Consumers are able to choose which positive information should be added or be removed at any time.
Once the information is added, the scoring models are able to use this information to calculate a credit score.
Which scoring models does Experian Boost work with?
The only scoring models, as of now, which will include such information are the Fico 08, Fico 09, Vantage 03, and Vantage 04 scoring models.

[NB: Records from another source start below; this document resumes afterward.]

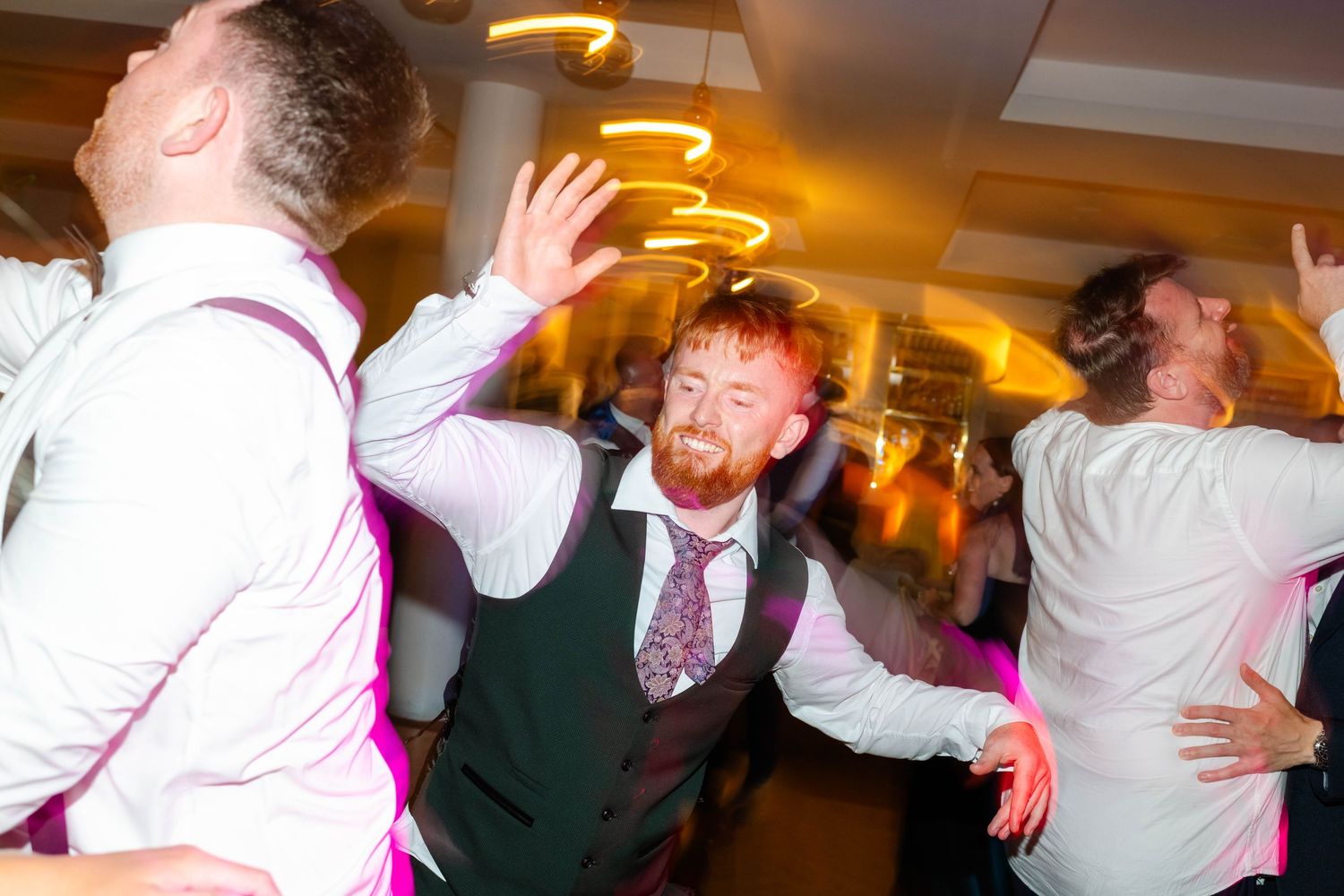 Energetic dancing and celebration captured in motion blur at indoor wedding reception.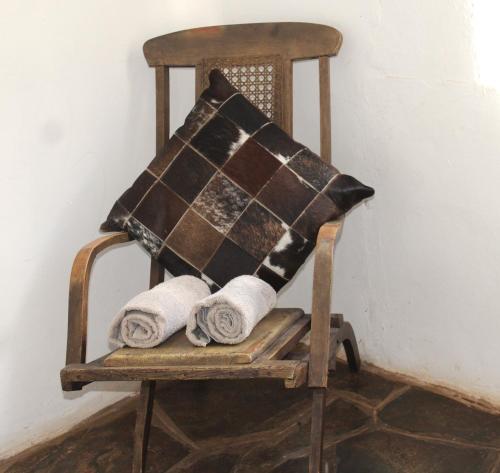 a wooden rocking chair with towels on it at Honey Farm Country Get Away in Skeerpoort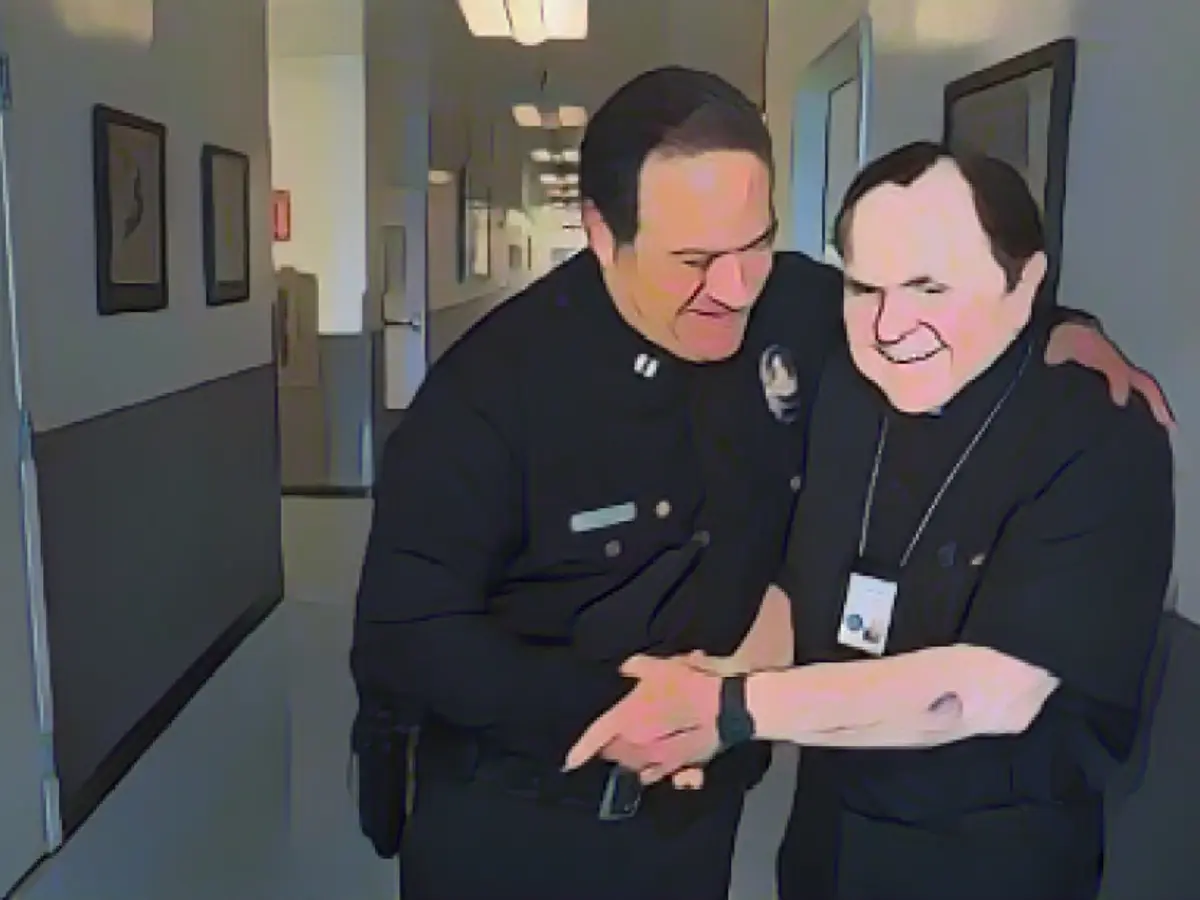 Капитан полиции Лос-Анджелеса Аарон Понс (слева) пожимает руку монсеньору Фрэнку Хиксу из капелланского корпуса полиции Лос-Анджелеса.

Does Experian Boost really help?
Experian is only one of the three credit bureaus. Experian Boost will only provide a credit score for loans using the Experian credit report only. Also, it will only be used when the Fico 08 credit scoring model is used. There are many credit card issuers which only pull an Experian credit report and use the Fico 08 scoring model. (You can filter results on our Ultimate Credit Card Finder to only show you the cards that pull Experian). But unfortunately, when it comes to mortgage applications or any other significant loan, most of the time, credit issuers will want to pull all three credit reports. Therefore, Experian Boost will not help much in these situations.
Conclusion
Experian Boost may be beneficial for some. I still would recommend a consumer to try his best by rather trying to build traditional credit.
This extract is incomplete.